Much of this has to do with the fact that we have been reduced to pixels on a screen, conversing with people only on video. Fatigue has set in, and we now know this way of life is unsustainable, for a few reasons.

There is an intimate space each of us calls home. But we’re now working out of home. On video, our homes are on public display, being beamed across cold screens, in square boxes where we feel compelled to perform for others in what was once our safe space.

These others are usually colleagues – some of whom we know well, and many others whom we don’t. And all of them are looking into our private worlds.

It is inevitable that we will wonder how they may judge us and our havens. We wonder if the images of our home clash with the narrative of ourselves that we had crafted so carefully over years. At work, we were someone else; we used personas that we had created freely and independently, through the stories we told of ourselves, the clothes we wore, and everything else that defined our at-work alter-egos.

By way of perspective, I have a cousin who lives in a joint family where the father-in-law is judge, jury and executioner. Her colleagues knew her as someone with a mind of her own. At home, she is the demure daughter-in-law. Now, she’s working out of home and her colleagues can see that her in-laws are watching her all the time, even as they, from her other world, stare at her through the screen.

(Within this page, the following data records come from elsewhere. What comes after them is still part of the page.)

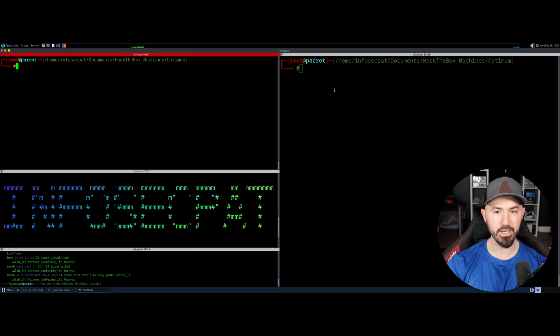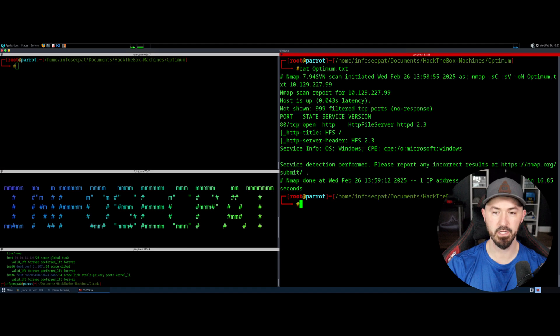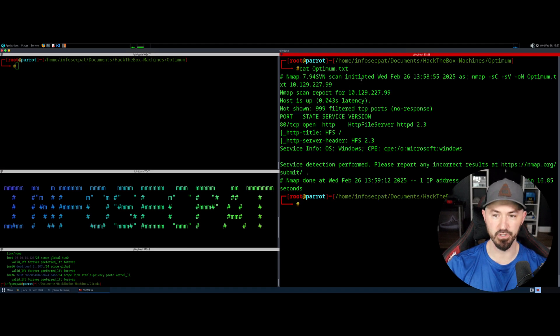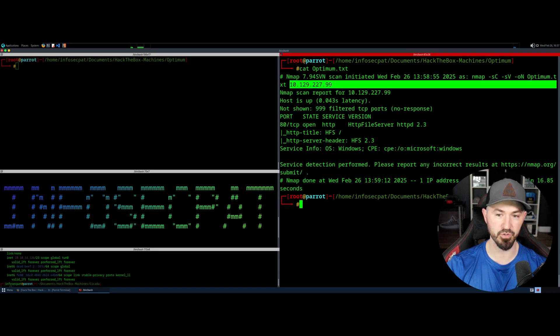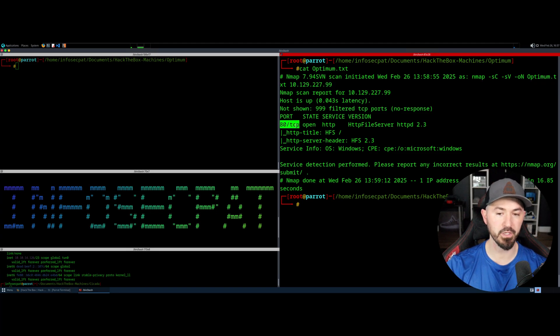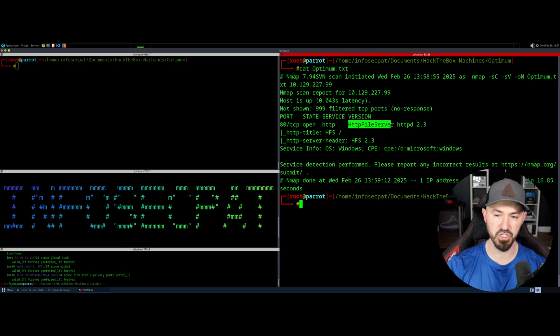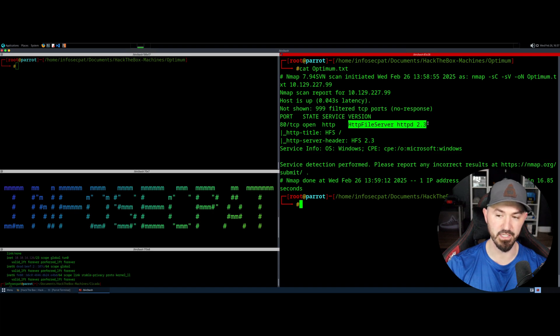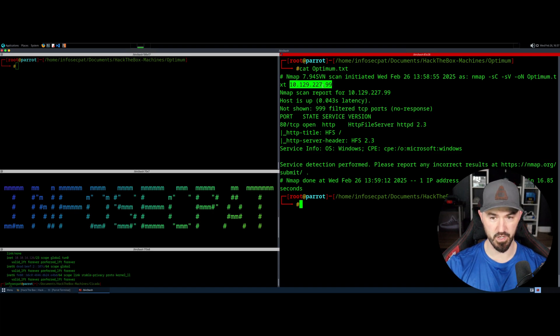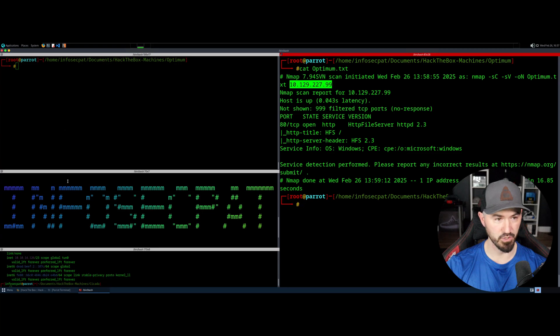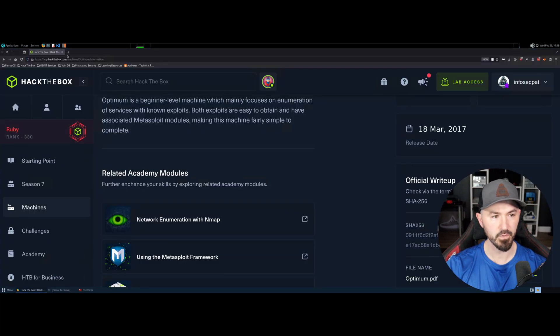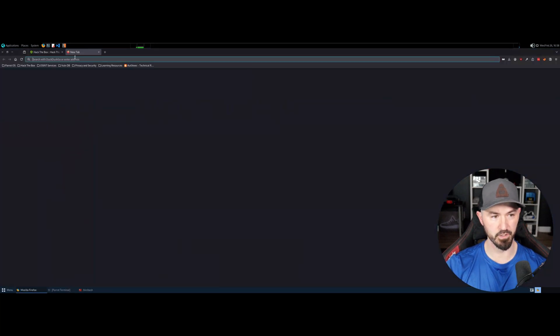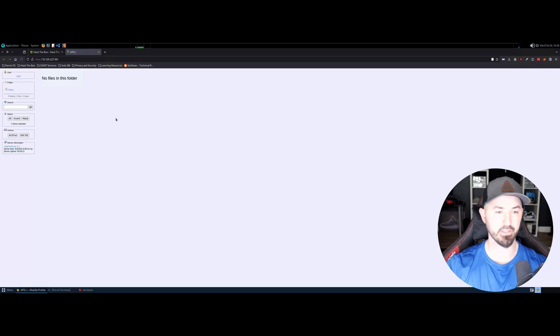I want to go ahead and do, I did an NMAP scan already. So I want to go ahead and cat out my results. I'm at 10.129.227.99. And the only port that's open is port 80. The service is HTTP, the version is HTTP file server HTTPd 2.3. Let's just go ahead and browse out to this IP address and see what's cooking out there.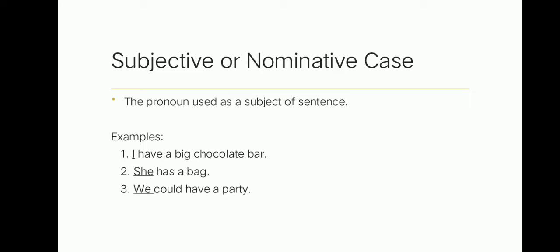Leah, read the next example. Thank you, Leah. She has a bug. She is in the nominative case because it is the subject of the sentence. Joshua, read the next example. Thank you, Joshua. We could have a party. We is in the nominative case because it is the subject of the sentence. Are you clear, class? Do you have a question?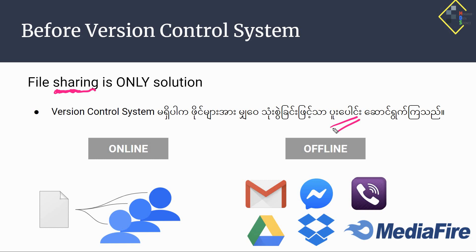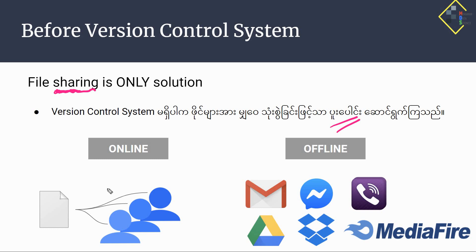We can share online documents. We can use documents on Google Drive, and we can use an online document repository as well as online document files.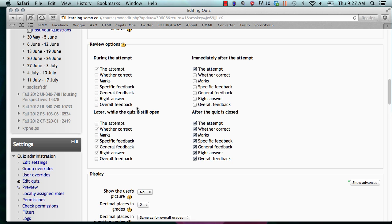Checking specific feedback allows the student to view the specific feedback assigned by you to each response. Checking general feedback allows the student to view the general feedback assigned by you to each question. Checking right answer allows the student to view the correct response to each question. And overall feedback allows the students to view the overall feedback assigned to you after the quiz.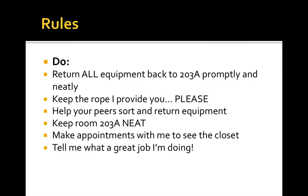Last but not least, tell me what a great job I'm doing. I'm looking forward to seeing you all this semester. If you have any questions, you can send me an email.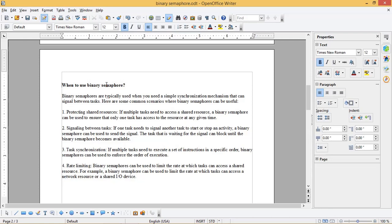Second, signaling between tasks: if one task needs to signal another task to start or stop an activity, a binary semaphore can be used to send the signal. The task that is waiting for the signal can block until the binary semaphore becomes available. Third, task synchronization: if multiple tasks need to execute a set of instructions in a specific order, binary semaphores can be used to enforce the order of execution.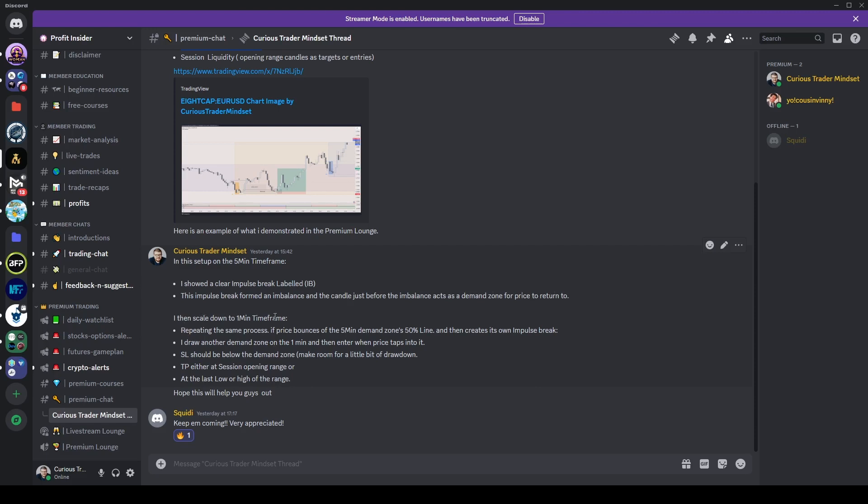The impulse break formed the imbalance, and the candle just before the imbalance acts as a demand zone for price to return to. I then scale down to the one-minute time frame, repeating the same process, waiting for price to return back to the five-minute demand zone, hit the 50%, reject off of it, go to the one-minute and then wait for structure to form.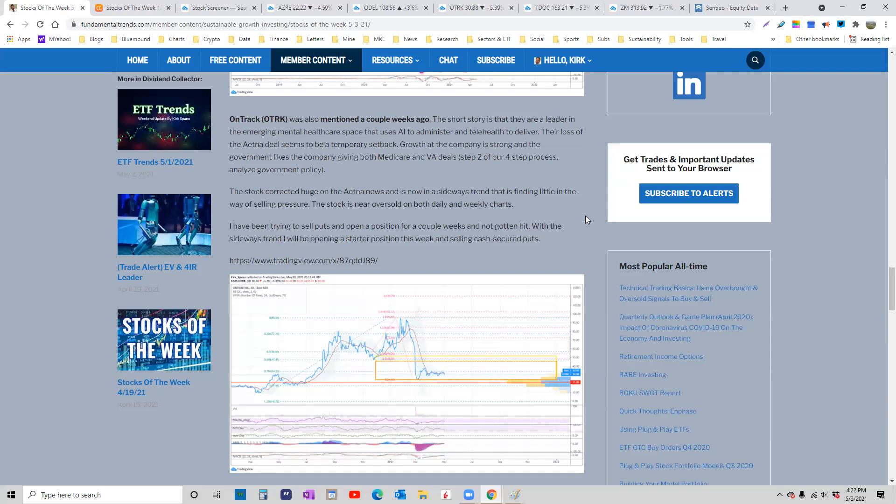Part two or step two of our four-step process for finding a stock that we want to be invested in is to analyze the government or central bank policy that might impact it. It's quite clear that this company is a favorite of the government. They've gotten both Medicare and VA deals recently. So although Aetna decided to go another direction, we don't know that they're not coming back and just negotiating. But all that business has already been replaced. It's already got new contracts in place. So next year, this company is going to be back to 30-40% growth even though this year is going to look flat. And that's if Aetna doesn't come back by July, which I still think they might.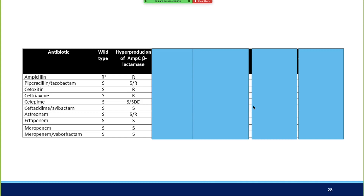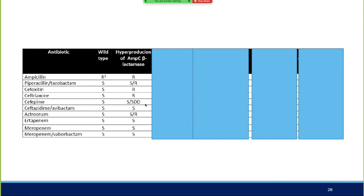Looking at wild-type versus hyperproduction AmpC susceptibility patterns: with hyperproduction AmpC, zosin and piperacillin-tazobactam may show variable sensitivity or resistance. Cefepime can be sensitive or susceptible dose-dependent. Aztreonam is likely resistant. The critical marker is cefoxitin—in an ESBL setting it should remain sensitive, but cefoxitin resistance indicates AmpC or class C resistance.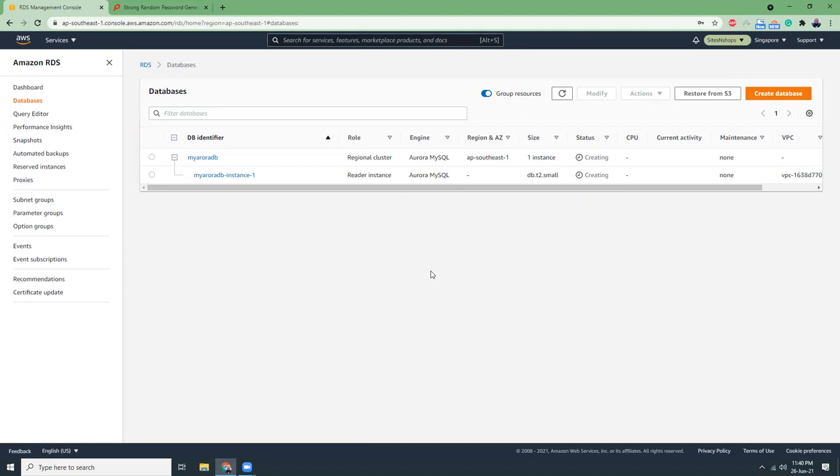This takes around five minutes time. I will pause it and when it's ready I will rejoin again.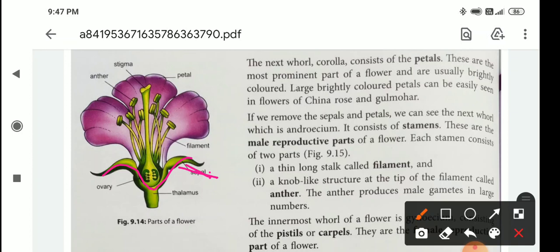The next whorl is the corolla, which consists of petals. The individual part is known as a petal. These are the most dominant part of a flower and are usually bright in color. Large, brightly colored petals can be easily seen in flowers of China Rose and Gulmohar.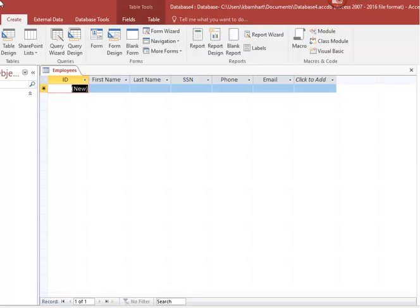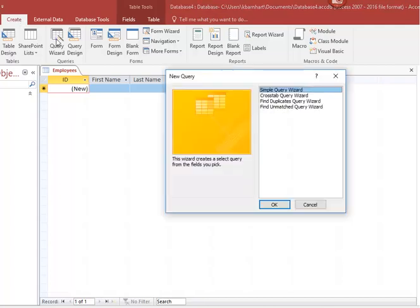To create a query that will get rid of duplicate records, first you need to be on the Create tab. We're going to let Access help us, so we're going to click the Query command in the Queries group.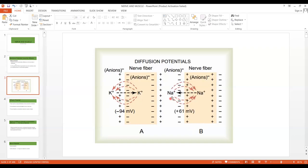As we know, sodium is more concentrated outside than inside, so it has a tendency to move inside. When sodium moves inside, it creates positivity inside and negativity outside. A potential difference is generated because of the concentration difference of sodium between inside and outside. A point is reached when further movement of sodium is blocked — this is the Nernst potential. In the case of sodium, its value will be plus 61 millivolts, because sodium is moving inside and the inside is getting positive.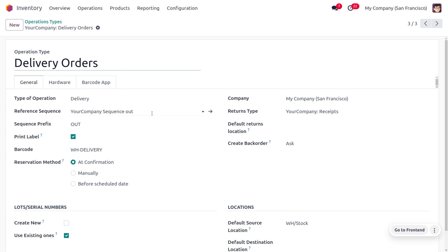It has a reference sequence from your company sequencer, since we are performing an outward transfer — meaning the item will be moving out of our warehouse. You can set the reference sequence and also use a sequence prefix, as we are taking products from our warehouse and moving them to customers. If you want to print labels, you can enable that field. Under the barcode section, you can set up barcodes for these operation types, making your process more seamless and efficient. You can also find the Reservation Method here, which defines how products should be reserved.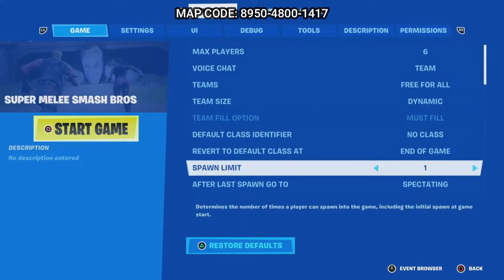Next we are going to add more player spawners to the platform, because we don't want everybody spawning in the same spot.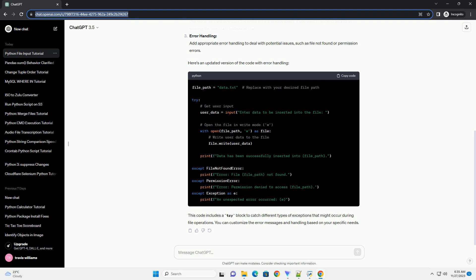Error handling. Add appropriate error handling to deal with potential issues, such as file not found or permission errors. Here's an updated version of the code with error handling. This code includes a try block to catch different types of exceptions that might occur during file operations. You can customize the error messages and handling based on your specific needs.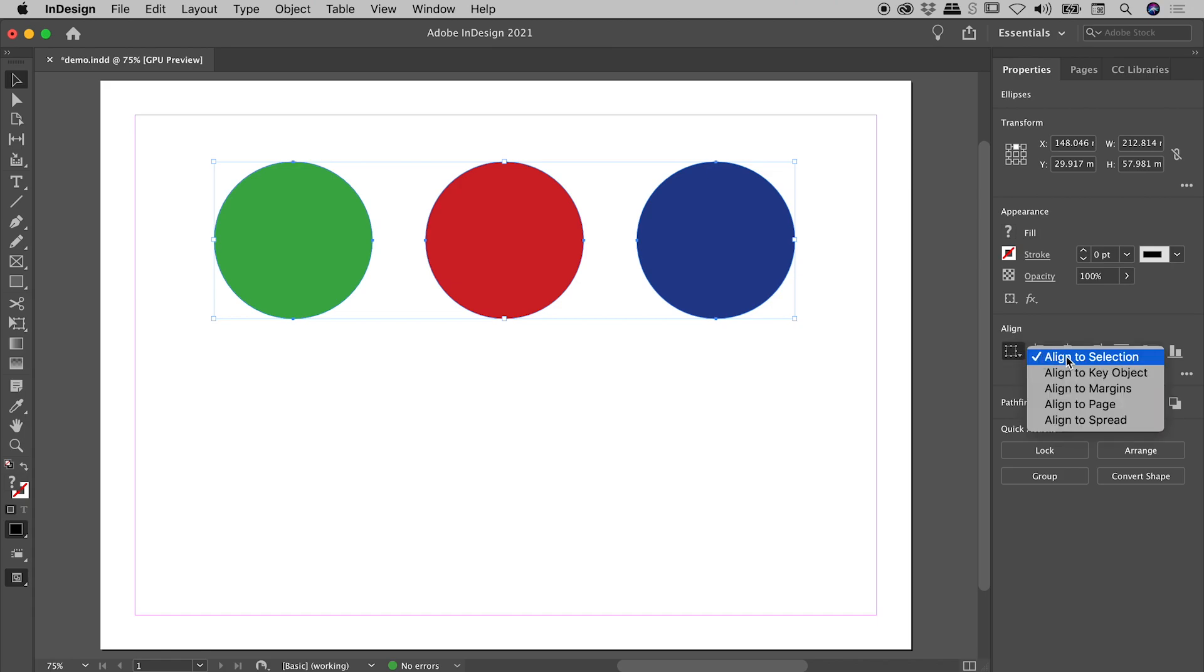Currently, it's set to align to selection. So what these guys were doing was aligning themselves to the topmost object within our selection. In this case, the red dot.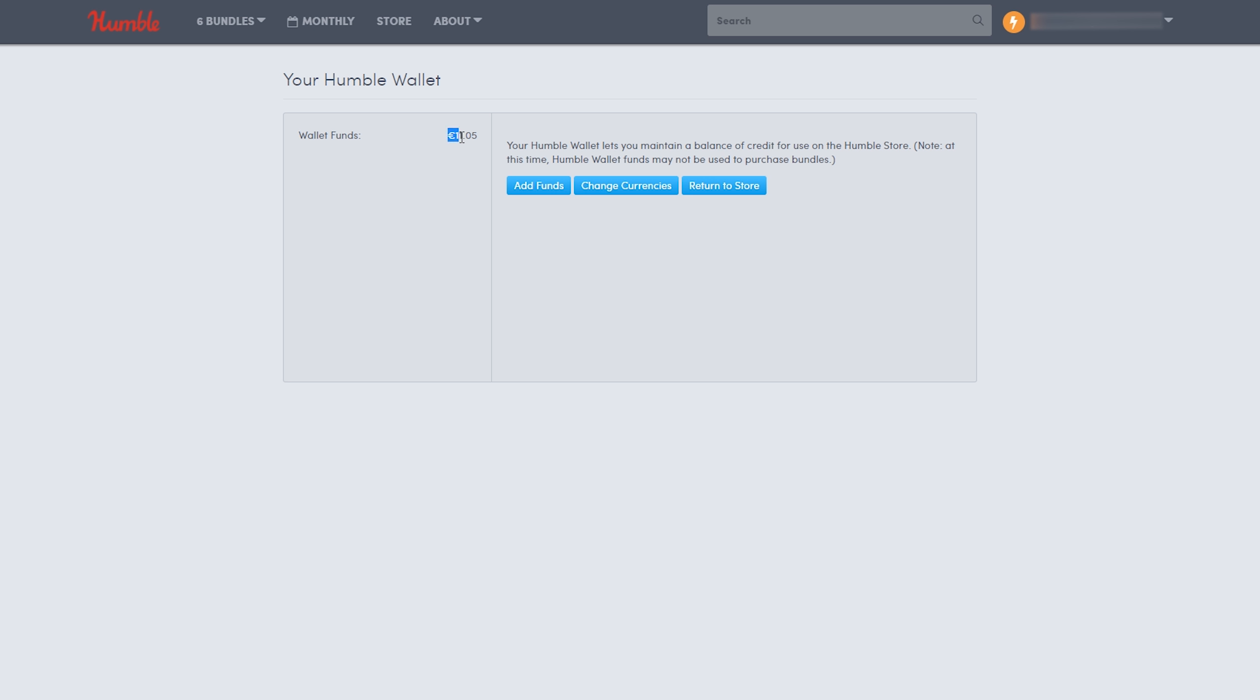You'll be able to see your current Humble Bundle wallet balance, and then you'll get three options: add funds, change currency, or return to store. Now I should mention, currently while recording this video, whatever money you have in your Humble Bundle wallet cannot be used for bundles. It can only be used on the actual Humble Bundle store where you can buy individual games and not bundles, so that is something to keep in mind.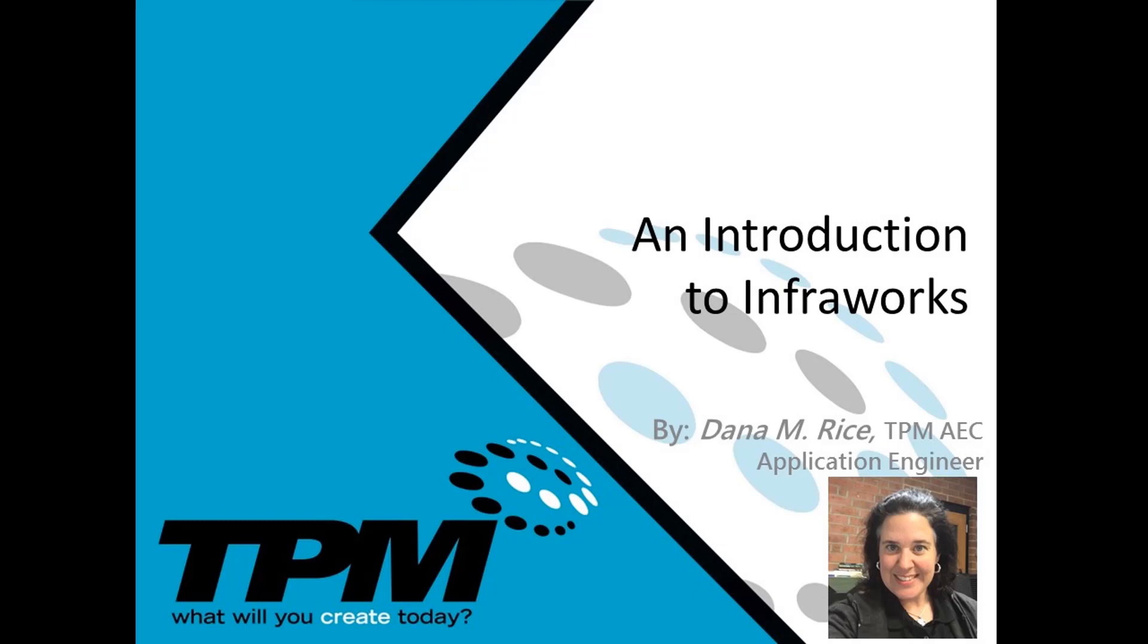Welcome to the first of a series of five InfraWorks videos that are designed to be an introduction to the fundamental uses of the software. My name is Dana Rice and I am the Civil 3D and InfraWorks Applications Engineer for TPM Inc.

How does she reconcile these two worlds? So far, she has been unable to. The last time I spoke to her, she had suffered a relapse of clinical depression and was having trouble getting out of bed in the morning.

Then there are my neighbours — a bunch of bachelors cooped up in one apartment. They don’t call it home because it doesn’t feel like one to them. It’s where they come to get some fresh clothes and some sleep, until they can head back to their workplaces, where they live their lives out in far greater comfort — with air-conditioning, personal space, friends and free coffee. That was the place they dressed up for, that was where they socialised. They desperately want to go back to the office because that is where their truest identities now exist.

And so fatigue has set in, because in addition to everything else — the isolation, the chores, the monotony and anxiety — there is now also this implicit pressure to perform. You can no longer retreat to your desk and commune with your computer in peace either. You must speak and respond; be regularly seen and heard. Silences have become unnatural. And that alone is taxing.

In the physical world, no one expects every statement to be acknowledged or every question answered instantly.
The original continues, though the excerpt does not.